Seventy-two percent of patients in Study 102 and 50 percent of patients in Study 103 achieved normalized ALT at week 240. Viread was well-tolerated in both studies. The most commonly observed adverse events were abdominal pain, nasopharyngitis, headache, influenza, back pain and hypertension. Across both studies, 2.1 percent of patients who received Viread for five years discontinued treatment due to an adverse event and 0.9 percent of patients experienced a confirmed increase in serum creatinine of at least 0.5 mg/dL or calculated creatinine clearance less than 50 mL/min.

Investigator affiliations:

Abstract 1375: Hôpital Beaujon, APHP, Clichy, France; Hospital General Universitari Vall d'Hebron and Ciberehd, Barcelona, Spain; Middlemore Hospital, Auckland, New Zealand; University Hospital "St. Ivan Rilsky", Sofia, Bulgaria; Medical University of Bialystok, Bialystok, Poland; University Hospital of Thessaloniki, Thessaloniki, Greece; Vanderbilt University, Nashville, TN; Gilead Sciences Inc., Foster City, CA; University of Toronto, Toronto, ON, Canada.

Abstract 1429: Middlemore Hospital, Auckland, New Zealand; Hôpital Beaujon, Clichy, France; Monash University, Melbourne, VIC, Australia; San Jose Gastroenterology, San Jose, CA; Virginia Commonwealth University Medical Center, Richmond, VA; Vanderbilt University, Nashville, TN; Gilead Sciences Inc., Foster City, CA; University of Toronto, Toronto, ON, Canada.

11/8/11

References

P Marcellin, M Buti, EJ Gane, et al. Five years of Treatment with Tenofovir DF (TDF) for Chronic Hepatitis B (CHB) Infection is Associated with Sustained Viral Suppression and Significant Regression of Histological Fibrosis and Cirrhosis. 62nd Annual Meeting of the American Association for the Study of Liver Disease (AASLD 2011). San Francisco, November 4-8. 2011. Abstract 1375.
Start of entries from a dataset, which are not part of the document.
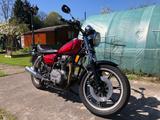 Yamaha xs 650 special 3L1 - YAMAHA XS 650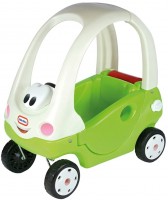 Photos - Ride-On Car Little Tikes 172779 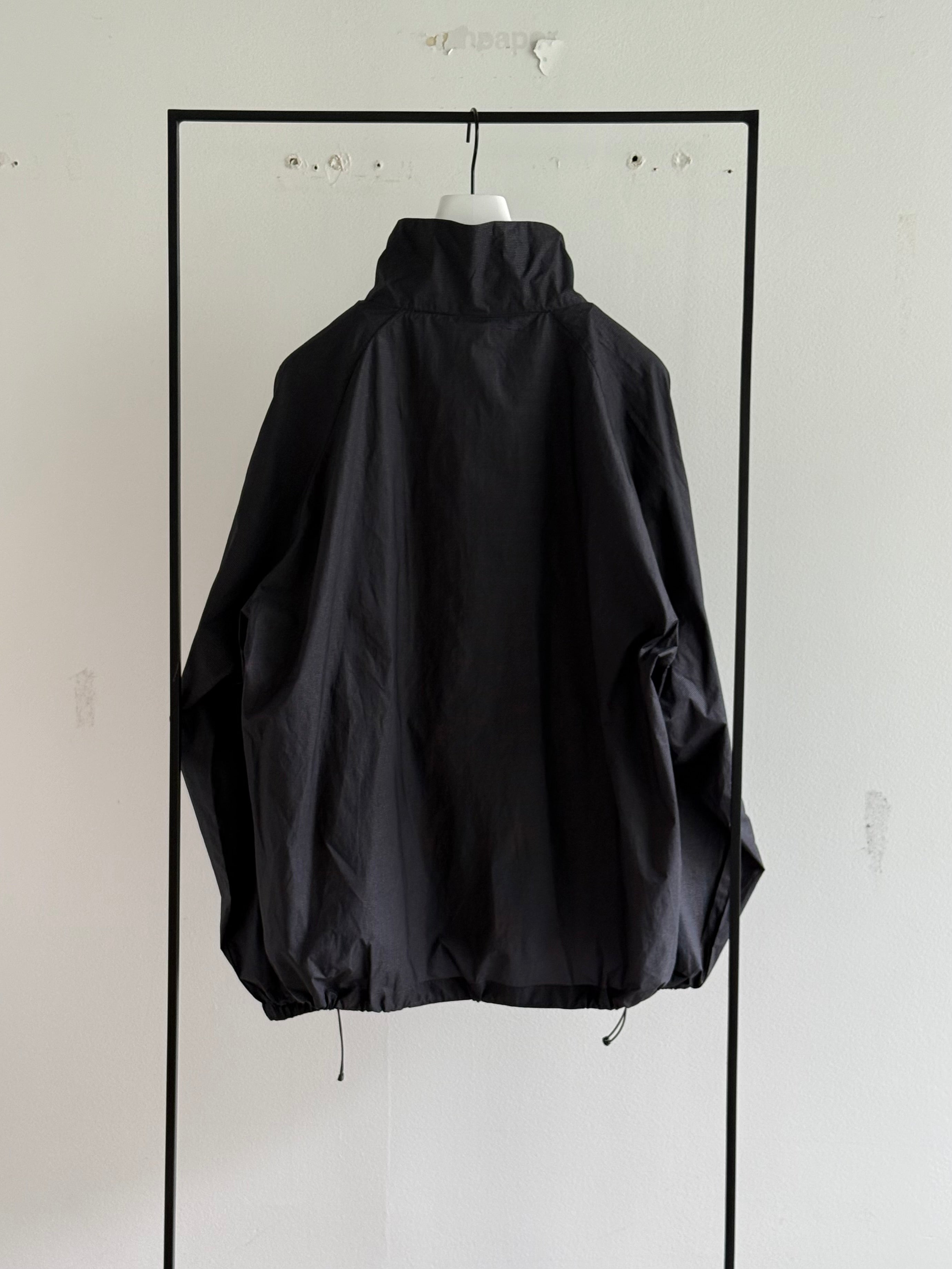 Light Nylon JK
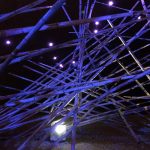 knokke_lichtkunstfestival_2019_3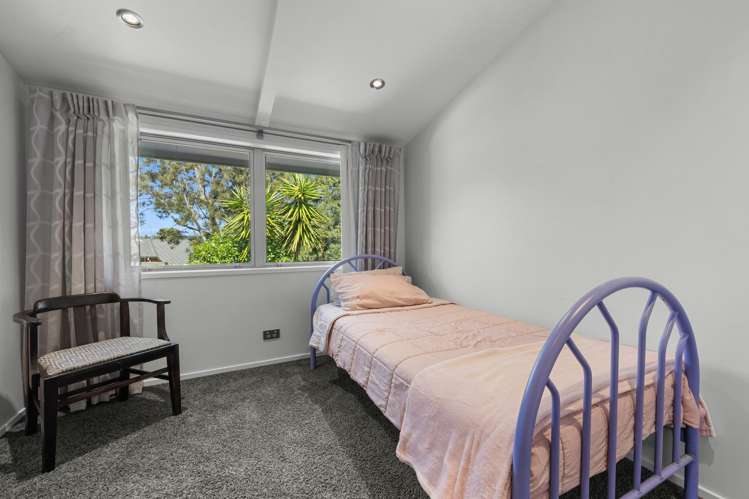 49A Riverhills Avenue Pakuranga Heights_30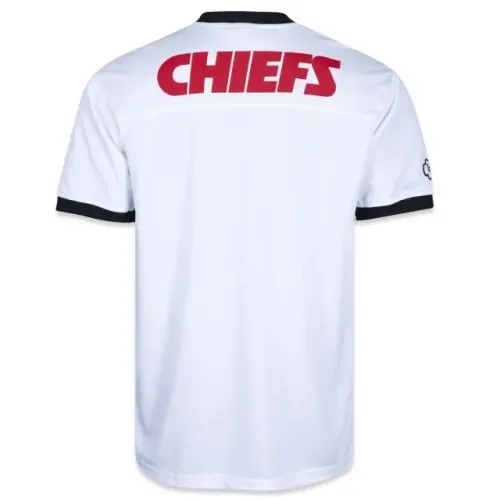 Camisa New era NFL tám M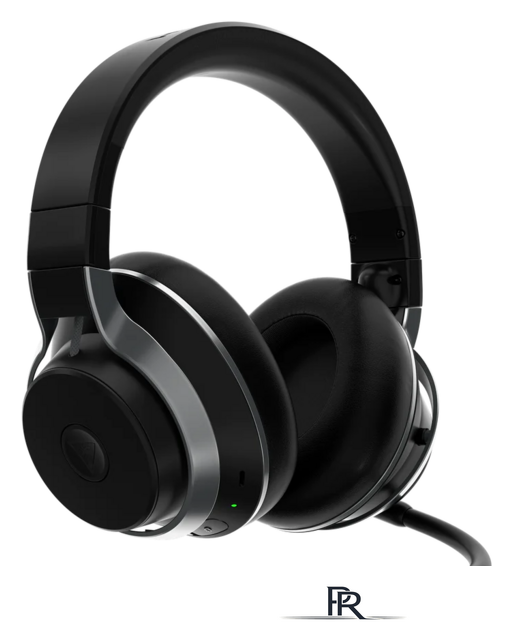 Наушники Turtle Beach Stealth Pro Xbox - Изображение №1 — Интернет-магазин ПроЗаказ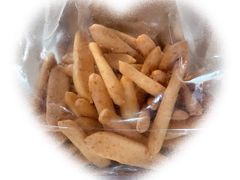 超級芝士脆-墨茉点心局(国金街店)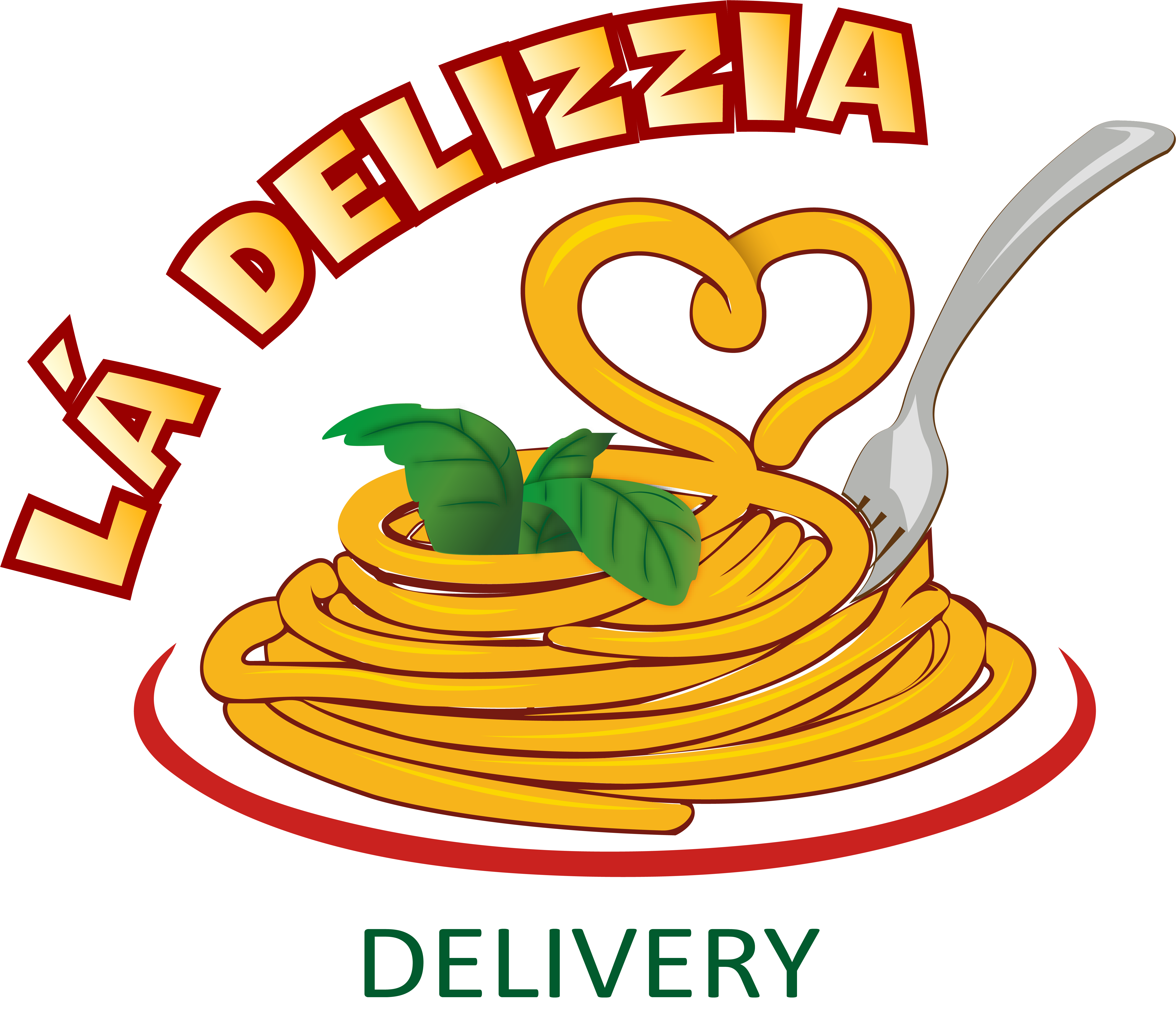 Lá Delizzia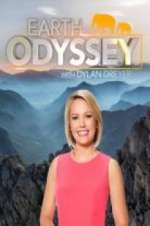 Watch Earth Odyssey with Dylan Dreyer 123movieshub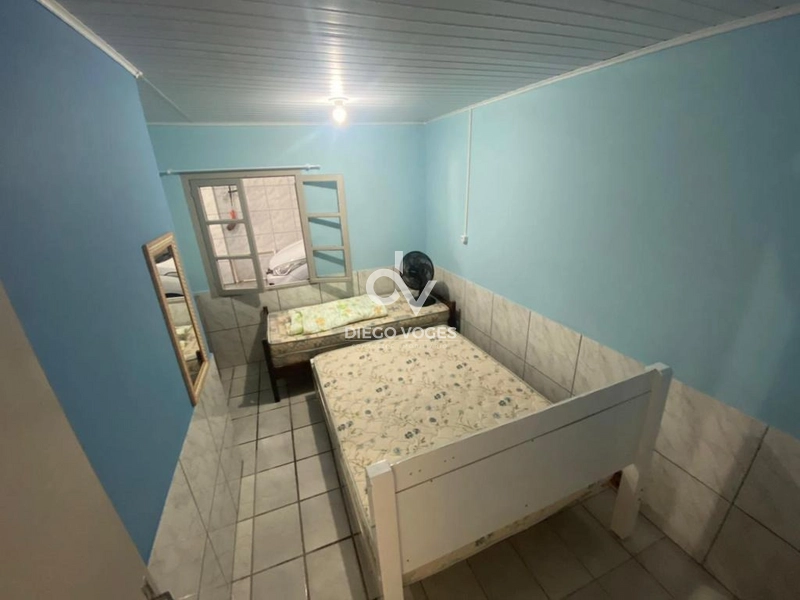 Casa em região de veranistas de Frente para o Mar: 19ª foto da galeria de imagens do imóvel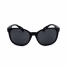 Ladies' Sunglasses Marcolin SP0011 Black image1
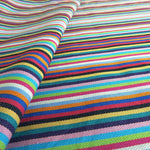 Cleo Stripes Woven Wrap by Didymos - Woven WrapLittle Zen One29092245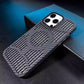 Ultra-thin Hollow Heat Dissipation Suitable Phone Case - Ultra-thin Phone Case with Heat Dissipation Feature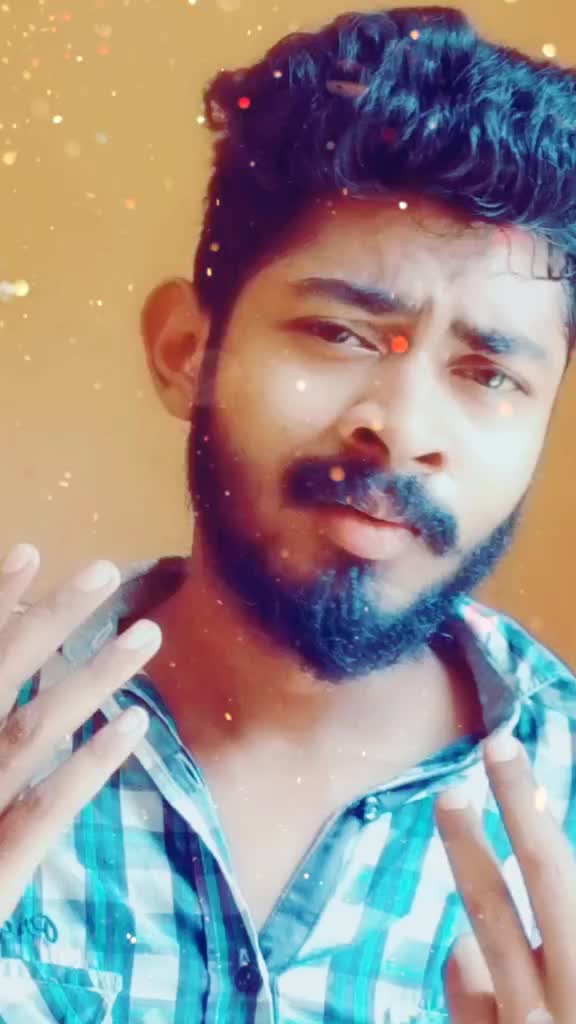 @Aravindh Pradeesh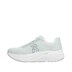 Rieker Sport Sneaker Low W4101
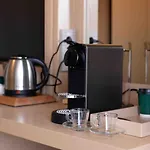 Hotel Luxury Boutuiqe Datça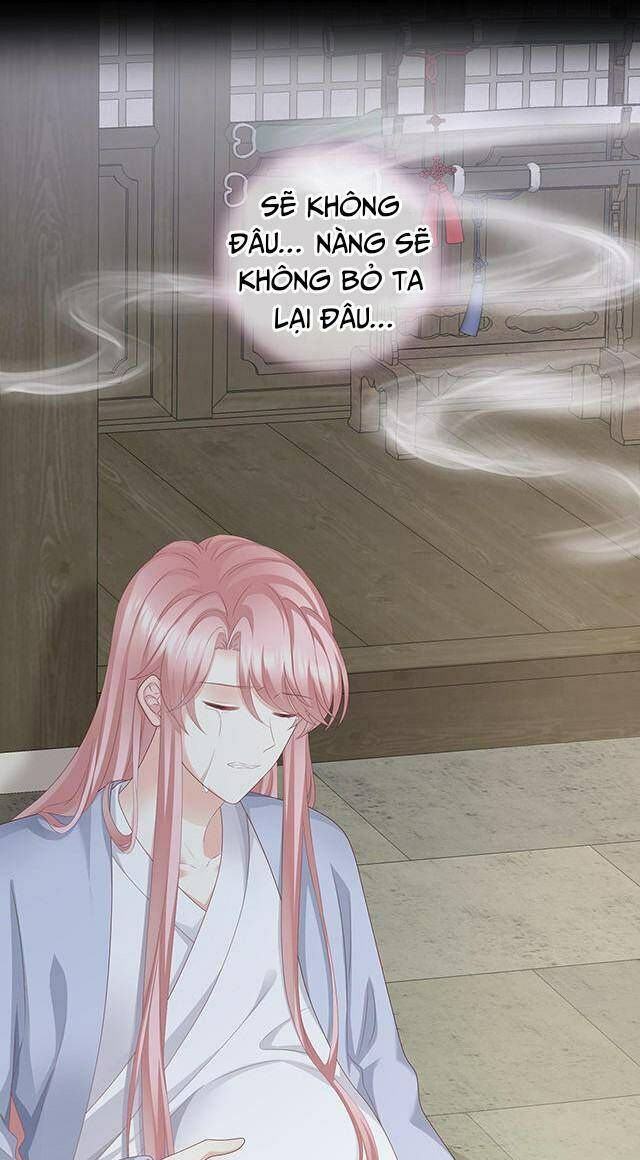 Chương 22 - Trang 7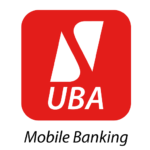 UBA HRD solutions Partnership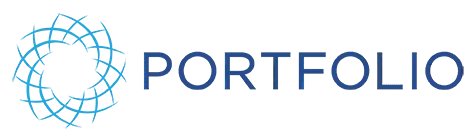 ForgeOS™ ForgeOS™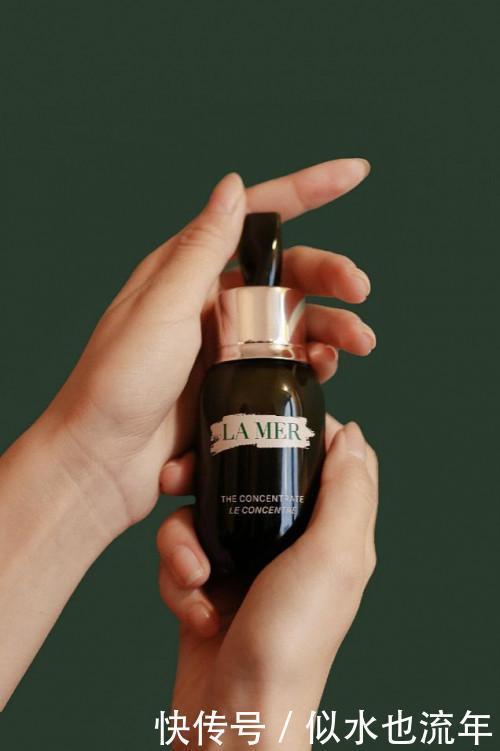 小蓝瓶|这些品牌精华液有效提亮皮肤的肤色,淡化皮肤底层的斑点色素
EJ Gane, P Marcellin, W Sievert, et al. Five years of Treatment with Tenofovir DF (TDF) for Chronic Hepatitis B (CHB) Infection in Asian Patients is Associated with Sustained Viral Suppression and Significant Regression of Histological Fibrosis and Cirrhosis. 62nd Annual Meeting of the American Association for the Study of Liver Disease (AASLD 2011). San Francisco, November 4-8. 2011. Abstract 1429.

Other Source

Gilead Sciences. Gilead Announces Positive Five-Year Data Showing Effect of Viread(R) on Liver Fibrosis and Cirrhosis Caused by Chronic Hepatitis B. Press release. November 5, 2011.